Current students came to pick us up for lunch in the hospital cafeteria. Although it is an older facility, the cafeteria food was great. It was also all you can eat. Everyone just filled their trays with food and we had a mass check out. I got a tray of sushi, salad, two rolls, coffee, and a dessert. Phenomenal. Lunch was spent talking with the med students about their school and life in general. They all seemed normal and were super nice, although I don’t know if they seemed as into their school as other school’s students did.
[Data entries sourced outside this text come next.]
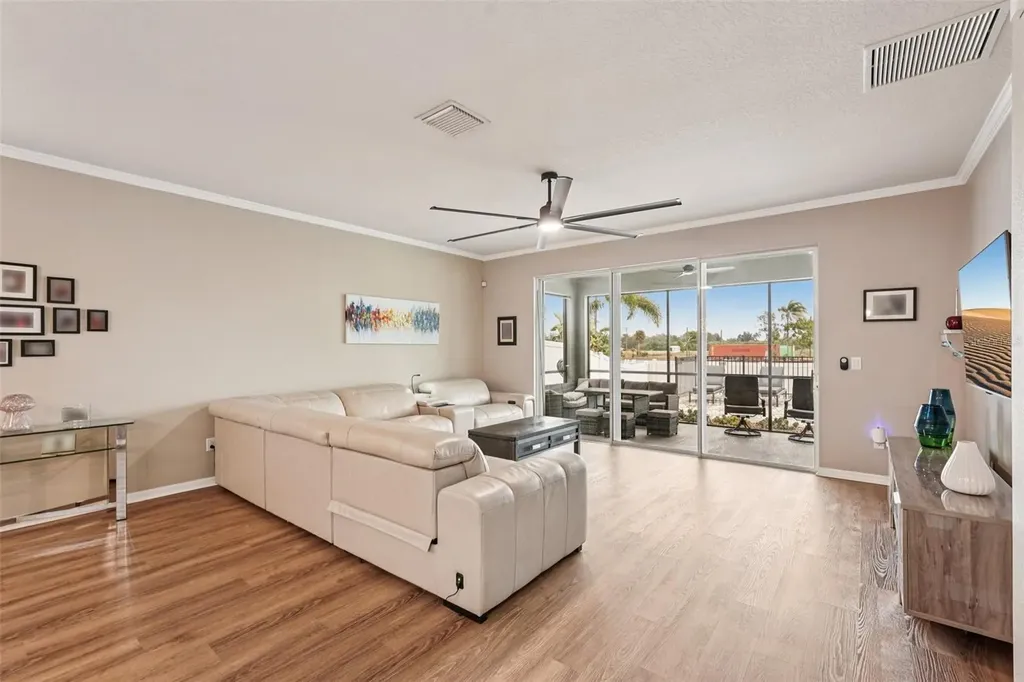 1303 Parker Den Drive Ruskin FL 33570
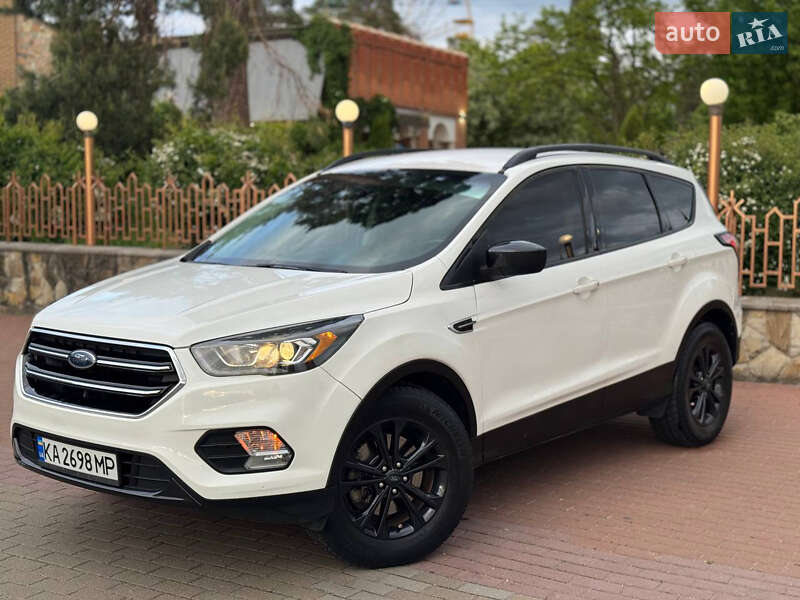 Ford Escape (2017)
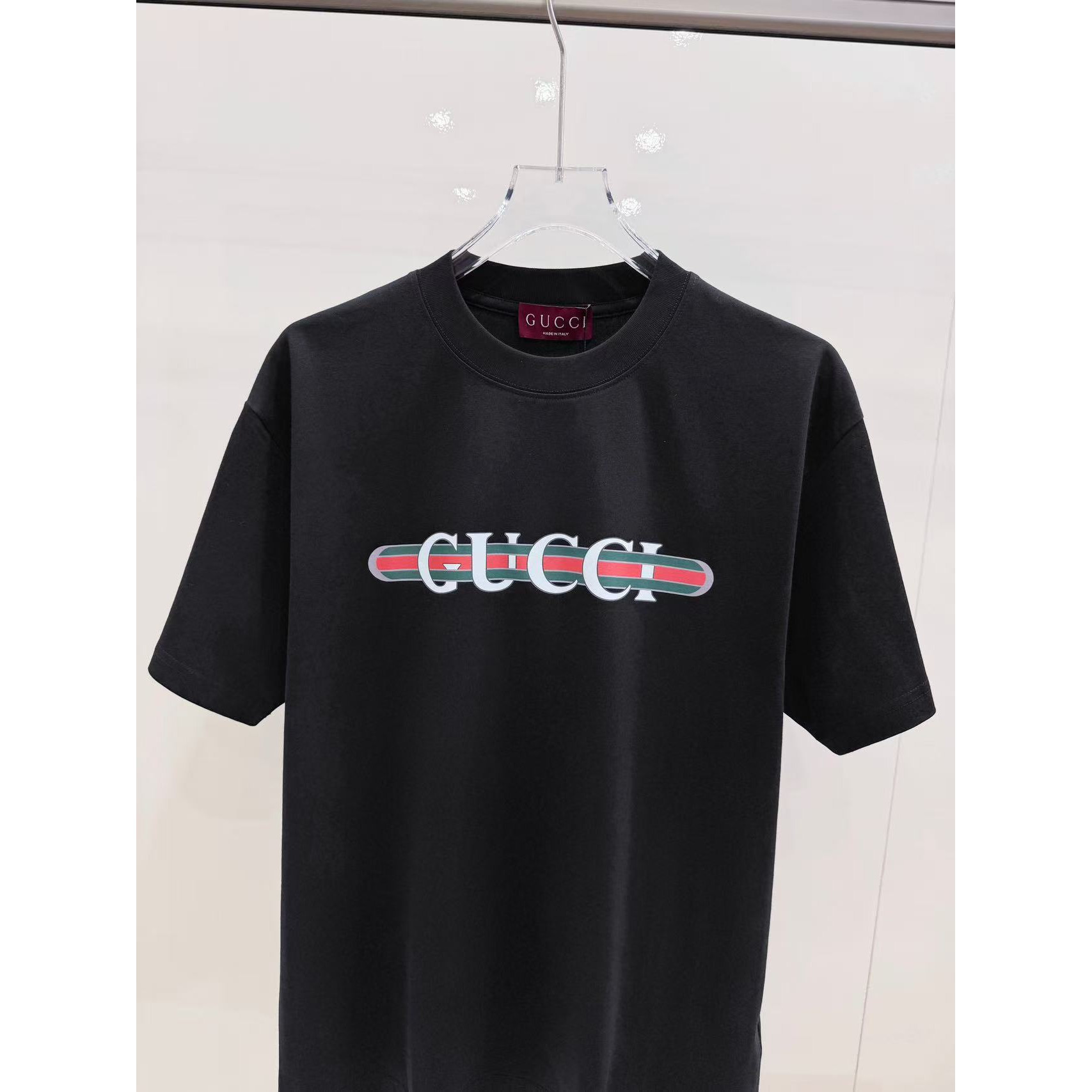 <p>&nbsp;GUCCI logo字母印花短袖T恤(黑)&nbsp;</p>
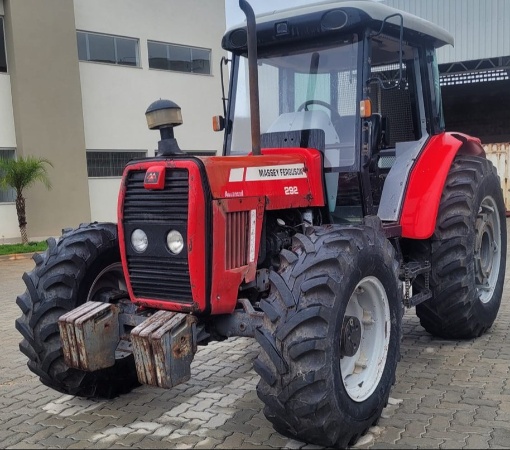 Trator Massey Ferguson MF 292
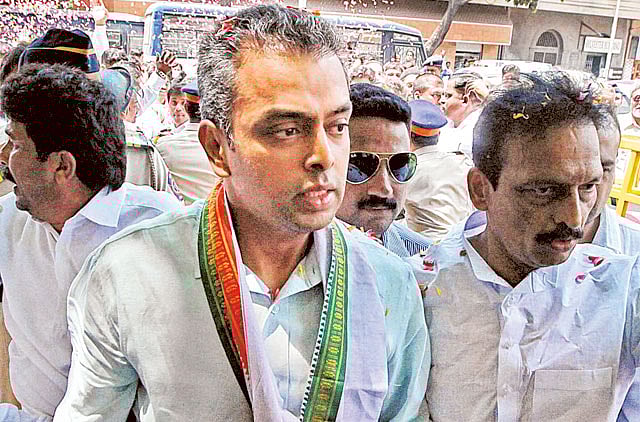 1.1314394-3511990714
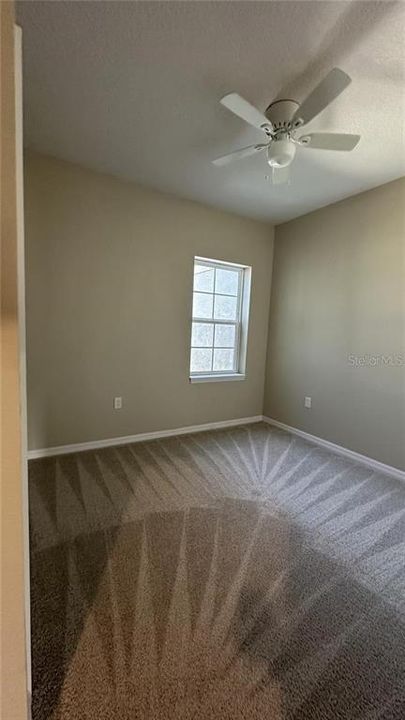 En Venta: $285,000 (3 camas, 3 baños, 1934 Pies cuadrados)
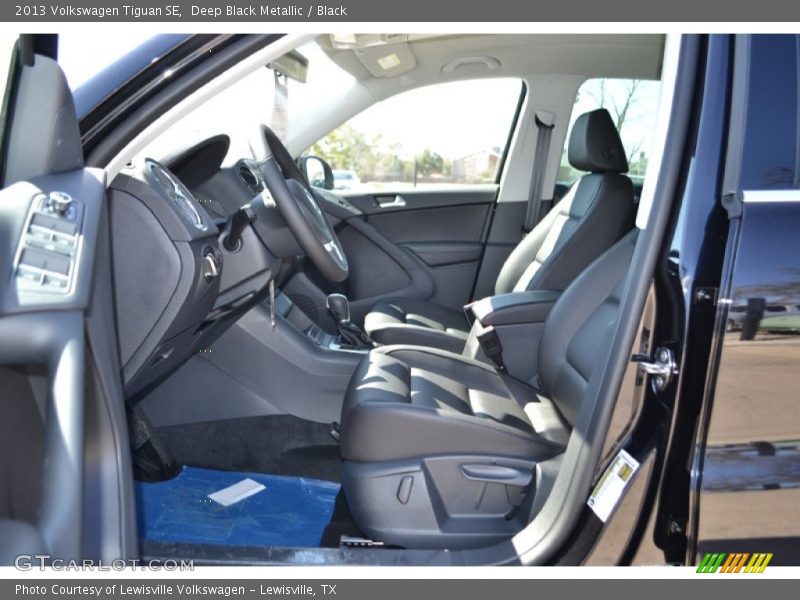 Deep Black Metallic / Black 2013 Volkswagen Tiguan SE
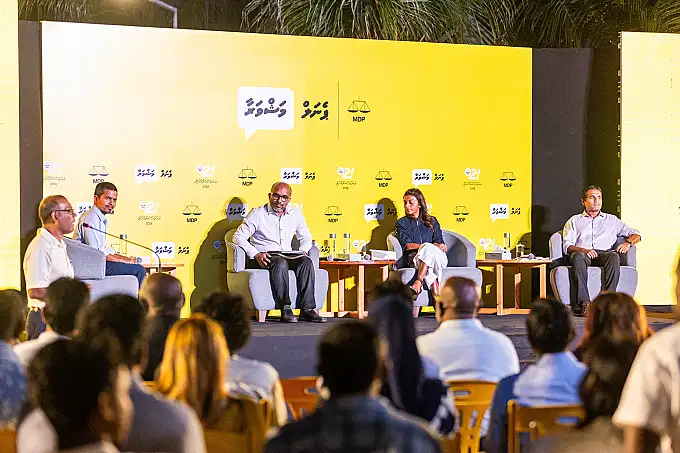ޑޮލަރެއް ނެތް: 800 މިލިއަން ޑޮލަރު ފަހާ 78 ބިލިއަން ރުފިޔާ ދުވަނީ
Finally came the interviews, which were unlike any that I have had. Basically you were given 15 minutes in a room with 3 different physicians who maybe knew your application, or maybe didn’t. This 15 minute time limit was strictly enforced, so sometimes conversations seemed kind of rushed. Each of mine were a bit different. The first one was an EM doc and we bonded and just had a conversation. The second was an older anesthesiologist who preferred to ask pointed questions followed by a discussion about my answer. I felt like I did a really good job in this one as well. Finally, a female neurologist sort of grilled me about my motivations and knowledge of healthcare. This was not my best interview but she wasn’t the most personable interviewer.
Before I left, we got a tour of the medical school (not my favorite set-up) and the hospital (pretty cool, especially the roof-top pediatric “fun zone”). This was the only tour that actually took us into the anatomy lab. Emergency medicine is pretty strong at Wake, and there were some other real positives about the school for me, but in the end it didn’t feel right.